The indictment acknowledges that Trump had a free speech right to say what he wanted. Also, lying isn’t a crime. He is not being indicted for his speech. He is being indicted for conduct.
(Note: It is not a defense to these charges for him to say that he genuinely believed the election was stolen. A genuine belief that the election was stolen does not entitle him to break laws and use illegal means for setting it right. To put the matter in legal terms, the mens rea is that the defendant knowingly agreed to join the conspiracy whose object was to obstruct the lawful function of government.)
Six co-conspirators were listed in the indictment. They were not named, but the first 5 were easy to figure out:
Co-Conspirator 1= Rudy Giuliani
Co-Conspirator 2: John Eastman
Co-Conspirator 3: Sidney Powell
(She was described as an attorney whose unfounded claims of election fraud Trump privately acknowledged to others sounded “crazy.” Of course “sounded crazy” could have referred to dozens of people in Trump’s circle 😂 The reason for including the detail is that Trump knew the ideas were crazy and promoted them anyway.)
Co-Conspirator 4: Jeff Clark (A lawyer and DOJ official)
Co-Conspirator 5: Kenneth Chesebro (also a lawyer)
Co-Conspirator 6, a political consultant who helped with the fraudulent elector scheme. Appears to be Boris Epshteyn.
(It is likely these co-conspirators will be indicted later. My guess: The DOJ wanted to keep this indictment streamlined, and one charge wasn’t a conspiracy. Also, this indictment puts incredible pressure on the six co-conspirators.)
(Also notice that at least 5 of the 6 are lawyers and one is also a DOJ official. IF #6 is Epshteyn, that means all 6 were lawyers. 🤦♀️I guess there is a reason for all those lawyer jokes.)
The indictment next marches through the legal procedures for collecting, counting, and certifying votes under the Electoral Count Act and the Constitution. (The point is to show that Trump and his co-conspirators used illegal means to subvert the election.)
The indictment then explains the “fake elector” scheme for subverting the Electoral Count procedures.
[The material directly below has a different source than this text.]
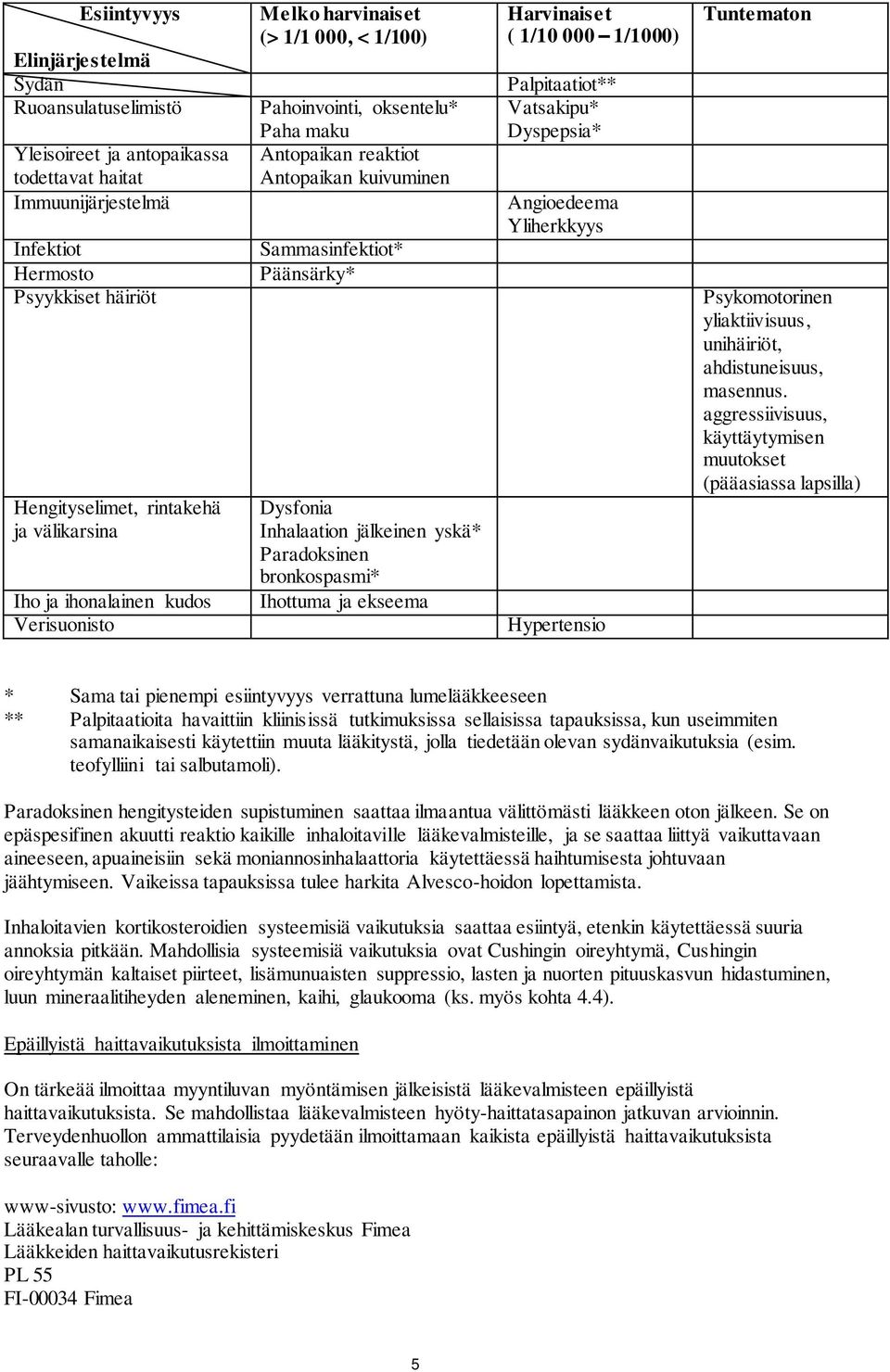 Inhalaation jälkeinen yskä* Paradoksinen bronkospasmi* Ihottuma ja ekseema Harvinaiset ( 1/10 000 1/1000) Palpitaatiot** Vatsakipu* Dyspepsia* Angioedeema Yliherkkyys Hypertensio Tuntematon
One plan was to get state legislators and officials to subvert the legitimate results and change electoral votes from Biden to Trump.
Trump and his co-conspirators drafted two memos that the DOJ is calling the “Fraudulent Elector Memo” and the “Fraudulent Elector Instructions.” These memos show how the idea of using fake electors developed. Lots of Trump campaign staffers made sure their names were not associated with the fake elector scheme.
How did the DOJ get these memos? Well, Trump’s chief of staff (Mark Meadows) forwarded the memo and wrote, “We just need to have someone coordinating the electors for states.” (Seems clear that Meadows handed this stuff over to the DOJ.)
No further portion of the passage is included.